I also add my tribute to the noble Lord, Lord Shutt, and the members of the committee, 10 of whom have spoken in today’s debate. It is a matter of regret, as he gently hinted, that the report has enjoyed its first birthday before making an appearance in this House for a debate. As I said last week in connection with another long-delayed report, although perhaps with less force in that case, the House needs to look at how it deals with post-legislative scrutiny, because it becomes extremely post if, once reports are published, they do not reach the Chamber for discussion.

Last week I chanced upon my copy of a book which I last consulted 50 years ago, as I, among others, including the noble Baroness, Lady Deech, who is not in her place today, was preparing for the final examinations for my Oxford law degree. The title of the book was Administrative Law and its author was the eminent legal academic, the Professor of English Law at Oxford, HWR Wade. In those days administrative law could be said to have been in its infancy. Indeed, the Lord Chancellor would be delighted to know that the words “judicial review” do not appear in the index or, indeed, in any other part of the book.

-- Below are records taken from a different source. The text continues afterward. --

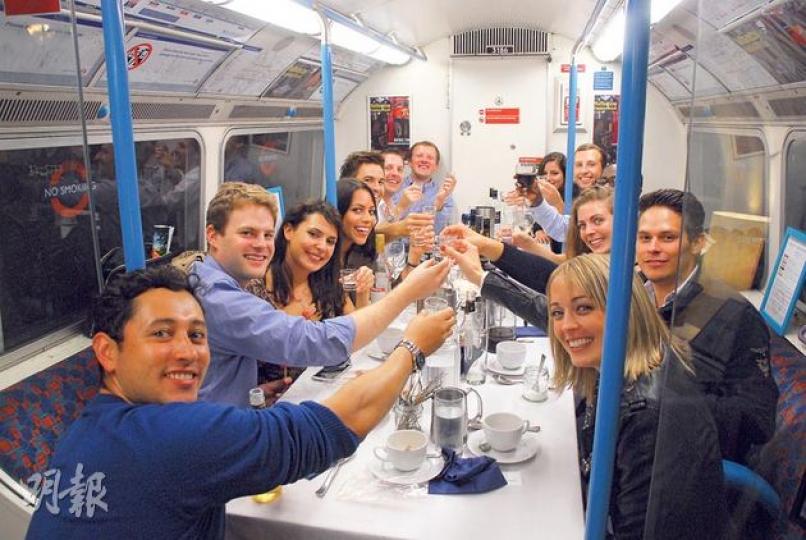 在Victoria Line的舊車廂裏吃晚飯,是最有噱頭的倫敦地鐵慶生活動。(郭瑋瑋攝)Mark Mason(右二)(郭瑋瑋攝)Janos,賣藝人(郭瑋瑋攝)Barry,地鐵站客戶服務助理(郭瑋瑋攝)Clare,倫敦大學亞非學院碩士生(郭瑋瑋攝)歐陽應霽(郭瑋瑋攝)鄧達智(郭瑋瑋攝)Tottenham Court Road站(郭瑋瑋攝)(明報製圖) 在Victoria Line的舊車廂裏吃晚飯,是最有噱頭的倫敦地鐵慶生活動。(郭瑋瑋攝)Mark Mason(右二)(郭瑋瑋攝)Janos,賣藝人(郭瑋瑋攝)Barry,地鐵站客戶服務助理(郭瑋瑋攝)Clare,倫敦大學亞非學院碩士生(郭瑋瑋攝)歐陽應霽(郭瑋瑋攝)鄧達智(郭瑋瑋攝)Tottenham Court Road站(郭瑋瑋攝)(明報製圖)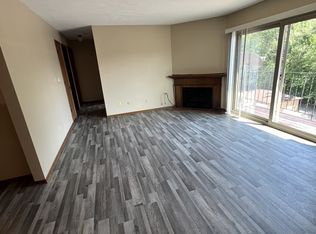 2500 & 2504 26th Avenue Court - 10, Rock Island, IL 61201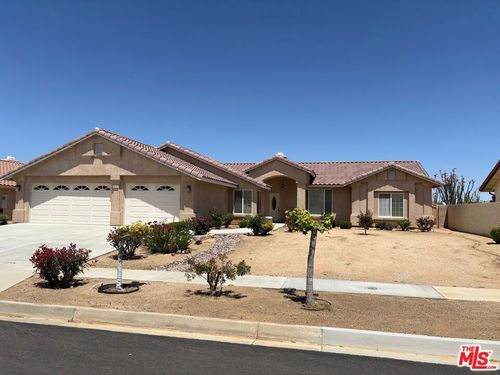 56752 Navajo Trl, Yucca Valley, CA, 92284-2451 | Card Image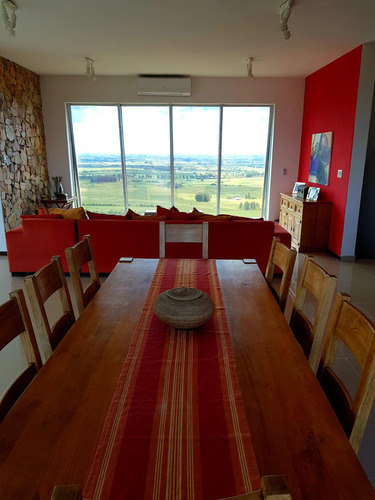Chacra En Venta - 4 Dormitorios 4 Baños - Cocheras - 60.000mts2 - Punta Ballena, Punta Del Este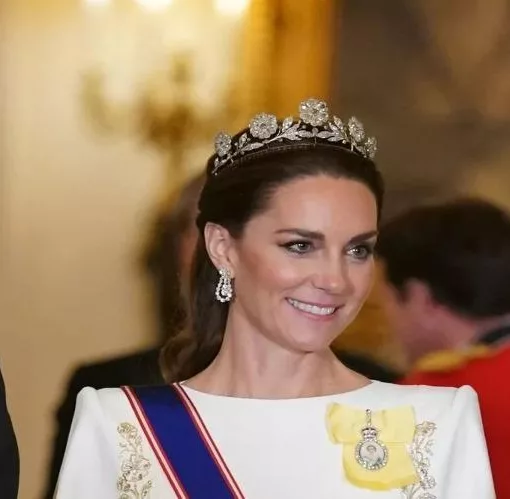 kate middleton tiara 01211221.jpg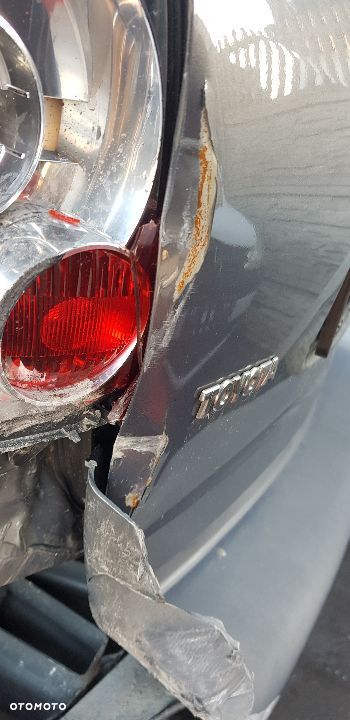 TOYOTA AVENSIS T25 KOMBI KLAPA TYŁ - 3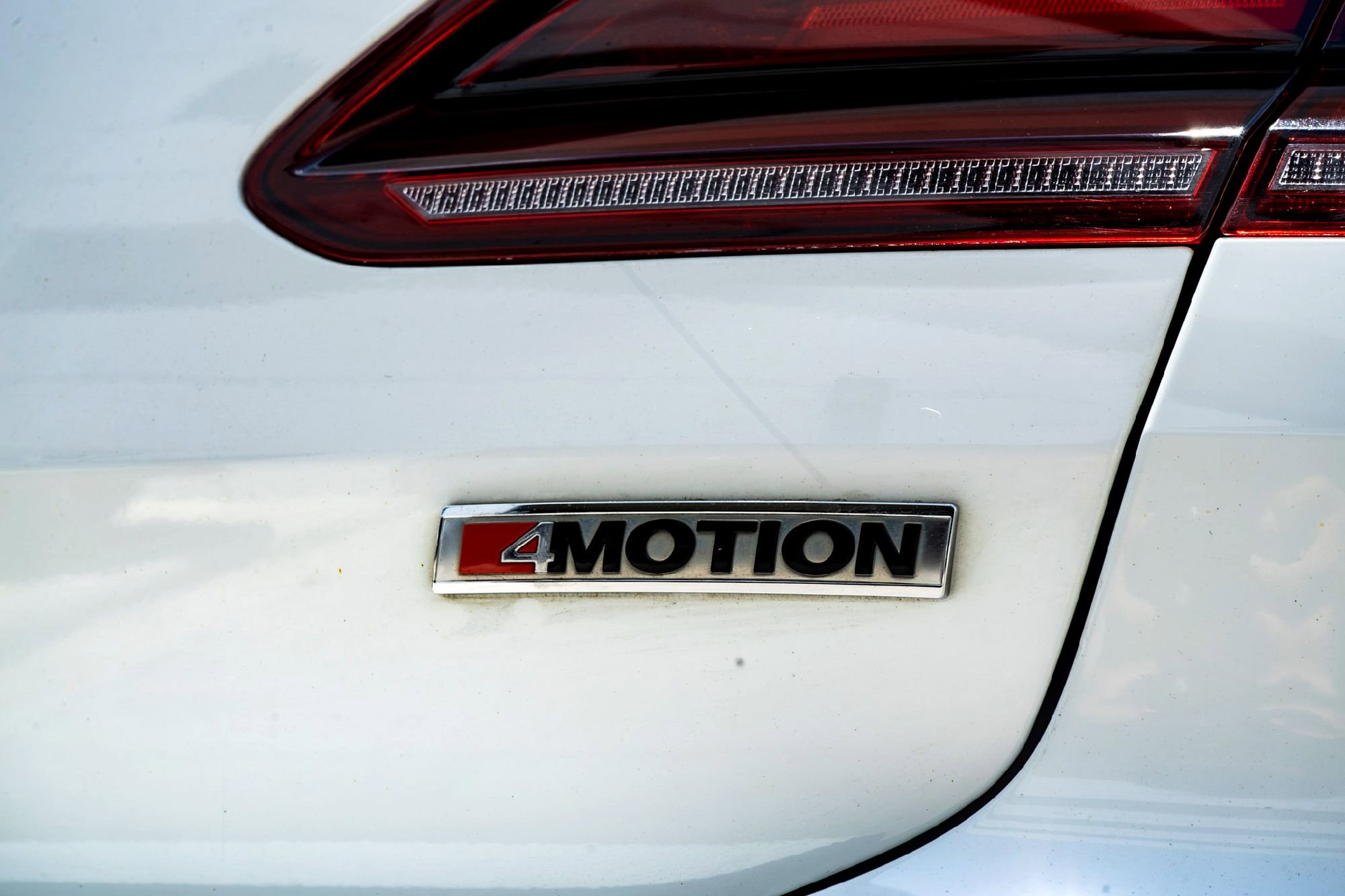 2020 Volkswagen Arteon SE photo 7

However, there is a chapter on statutory inquiries, which makes instructive reading. Of its 29 pages, 26 are essentially confined to planning inquiries, two to accident inquiries and one to what Professor Wade described as, “a type of public enquiry which from time to time attracts much attention: the special inquiry which Parliament may at any time constitute under the Tribunals of Inquiry (Evidence) Act”. He cited, as examples of the latter, premature disclosures of Budget details by Ministers, allegations that a change in bank rate was prematurely divulged, accusations of brutality by the police and other matters of public importance.

In the first 40 years of the Tribunals of Inquiry (Evidence) Act 1921 only 14 inquiries were established by a vote of both Houses to investigate such matters of urgent public importance, and the following 44 years saw only another 10. It is this Act that was replaced by the 2005 Act, which is the subject of the Select Committee report. Any discussion of inquiries has long since seen matters of urgent public importance overtake planning inquiries and the like as a subject of concern and debate.

Very often, of course, the demands for the establishment of a statutory inquiry arise from questions about the conduct of the Executive in one or other of its various manifestations. It is the role of Ministers in any Government in setting up inquiries, appointing the chair, controlling the disclosure of evidence and publication that not surprisingly provokes scepticism about the process.

It is striking that most of the 2005 Act inquiries arose from deaths in which the role of the police, military or health services came under scrutiny, in addition to the Leveson inquiry and some others. There are others, such as the inquiry into undercover policing, where the inquiry is a 2005 Act inquiry, but as the noble Lord, Lord Shutt, elucidated in a Question last year, the inquiry into the so-called “on the runs” in Northern Ireland is not. That was described as “an administrative review”, despite the issue stemming from a political decision, albeit one that many would say—I would be one of them—was the right one in the circumstances and which contributed to the successful outcome of the protracted negotiations that brought peace to Northern Ireland.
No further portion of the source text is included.